Approximately one year ago, after Minneapolis police officer Derek Chauvin killed rapper and activist George Floyd by kneeling on his neck for eight minutes and forty-six seconds, comedian Dave Chappelle quietly released a new special to Netflix titled, fittingly, “8:46.” The special wasn’t so much a standup comedy routine as it was a video depicting a Black man coming to grips with the death of another Black man at the hands of the state in front of an audience for thirty minutes. In it, Chappelle speaks at length about the repeating cycle of police violence and expresses his immense, all-encompassing exhaustion.

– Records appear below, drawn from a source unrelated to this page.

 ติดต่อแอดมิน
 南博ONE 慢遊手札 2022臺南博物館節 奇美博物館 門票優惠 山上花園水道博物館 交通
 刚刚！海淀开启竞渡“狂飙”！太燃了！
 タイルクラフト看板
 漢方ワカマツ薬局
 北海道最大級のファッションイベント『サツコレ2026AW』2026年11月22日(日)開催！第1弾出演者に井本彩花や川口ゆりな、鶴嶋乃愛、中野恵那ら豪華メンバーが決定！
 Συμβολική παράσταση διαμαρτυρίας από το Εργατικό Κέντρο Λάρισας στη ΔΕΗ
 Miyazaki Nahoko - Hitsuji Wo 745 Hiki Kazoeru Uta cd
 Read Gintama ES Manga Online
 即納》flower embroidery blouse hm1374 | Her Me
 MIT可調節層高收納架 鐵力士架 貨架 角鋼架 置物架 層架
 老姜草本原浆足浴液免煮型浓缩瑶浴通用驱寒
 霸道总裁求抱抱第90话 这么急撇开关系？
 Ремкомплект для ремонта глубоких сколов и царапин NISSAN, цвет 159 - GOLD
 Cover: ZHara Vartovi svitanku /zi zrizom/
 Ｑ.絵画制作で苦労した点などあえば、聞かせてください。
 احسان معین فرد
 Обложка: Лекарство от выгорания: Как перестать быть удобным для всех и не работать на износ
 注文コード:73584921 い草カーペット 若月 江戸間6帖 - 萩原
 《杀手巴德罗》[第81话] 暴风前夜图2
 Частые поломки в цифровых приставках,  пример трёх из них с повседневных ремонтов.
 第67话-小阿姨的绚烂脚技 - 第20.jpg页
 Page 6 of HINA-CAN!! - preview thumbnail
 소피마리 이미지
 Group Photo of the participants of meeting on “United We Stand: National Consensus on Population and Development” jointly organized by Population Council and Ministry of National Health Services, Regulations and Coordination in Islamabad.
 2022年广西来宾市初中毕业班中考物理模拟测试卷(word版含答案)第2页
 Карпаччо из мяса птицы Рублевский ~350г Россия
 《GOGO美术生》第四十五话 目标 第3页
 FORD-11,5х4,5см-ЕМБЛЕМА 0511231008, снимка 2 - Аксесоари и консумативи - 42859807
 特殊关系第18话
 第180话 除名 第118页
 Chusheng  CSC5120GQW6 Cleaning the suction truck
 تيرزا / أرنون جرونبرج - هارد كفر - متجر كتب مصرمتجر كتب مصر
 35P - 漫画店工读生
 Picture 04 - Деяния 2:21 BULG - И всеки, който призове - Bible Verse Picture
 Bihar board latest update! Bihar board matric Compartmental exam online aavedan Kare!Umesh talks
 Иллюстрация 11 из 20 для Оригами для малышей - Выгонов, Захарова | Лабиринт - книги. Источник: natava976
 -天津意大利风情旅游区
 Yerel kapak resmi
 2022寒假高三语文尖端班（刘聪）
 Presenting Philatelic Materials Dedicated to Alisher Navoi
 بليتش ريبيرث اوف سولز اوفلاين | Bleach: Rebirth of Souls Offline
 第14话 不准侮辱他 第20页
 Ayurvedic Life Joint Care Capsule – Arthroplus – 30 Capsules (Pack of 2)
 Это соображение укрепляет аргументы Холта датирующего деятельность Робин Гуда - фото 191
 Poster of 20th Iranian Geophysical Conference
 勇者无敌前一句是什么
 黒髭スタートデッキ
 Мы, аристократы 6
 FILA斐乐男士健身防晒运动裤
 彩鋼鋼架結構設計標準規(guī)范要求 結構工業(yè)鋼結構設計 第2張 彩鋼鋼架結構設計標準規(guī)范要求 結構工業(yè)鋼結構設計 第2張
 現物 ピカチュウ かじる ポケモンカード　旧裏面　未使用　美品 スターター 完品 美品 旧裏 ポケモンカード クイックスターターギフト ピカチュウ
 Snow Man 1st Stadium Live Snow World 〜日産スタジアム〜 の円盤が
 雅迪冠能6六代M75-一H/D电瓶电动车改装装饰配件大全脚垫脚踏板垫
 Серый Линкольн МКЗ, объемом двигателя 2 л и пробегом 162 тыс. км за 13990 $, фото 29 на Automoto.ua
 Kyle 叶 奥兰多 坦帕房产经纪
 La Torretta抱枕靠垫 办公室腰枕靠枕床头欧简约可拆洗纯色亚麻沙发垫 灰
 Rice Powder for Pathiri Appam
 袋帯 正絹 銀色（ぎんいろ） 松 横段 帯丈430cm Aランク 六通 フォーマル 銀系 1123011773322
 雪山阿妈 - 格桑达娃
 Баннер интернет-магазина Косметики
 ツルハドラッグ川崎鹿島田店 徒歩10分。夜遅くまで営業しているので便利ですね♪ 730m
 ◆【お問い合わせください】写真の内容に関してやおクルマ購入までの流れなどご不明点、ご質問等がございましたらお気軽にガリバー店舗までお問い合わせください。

While it was powerful enough on its own as a standalone statement addressing police brutality — a common theme in his work — Chappelle has since figured out a new way to practice the principle of art as activism. Teaming up with Third Man Records, Chappelle has released a limited-edition vinyl of “8:46” which is available now at Third Man Records stores in Nashville, Detroit and online at ThirdManStore.com. All proceeds will go to benefit Chappelle’s alma mater, Duke Ellington School of the Arts in Washington, DC. The run is limited to 846 copies of red, black, and green-colored records (the colors of the Pan-African flag representing the Garveyist ideology of one, united African diaspora), while a standard black vinyl pressing is also available for pre-order, with a delivery date of October 29, 2021. The B-side features performances of poet Amir Sulaiman’s “My Insides Out” and “We Must Win.”
Of the project, Chappelle said in a statement, “When I was a student at Duke Ellington, the teachers instilled in me the notion of activism through art. We need more soldiers for great causes on the stage.”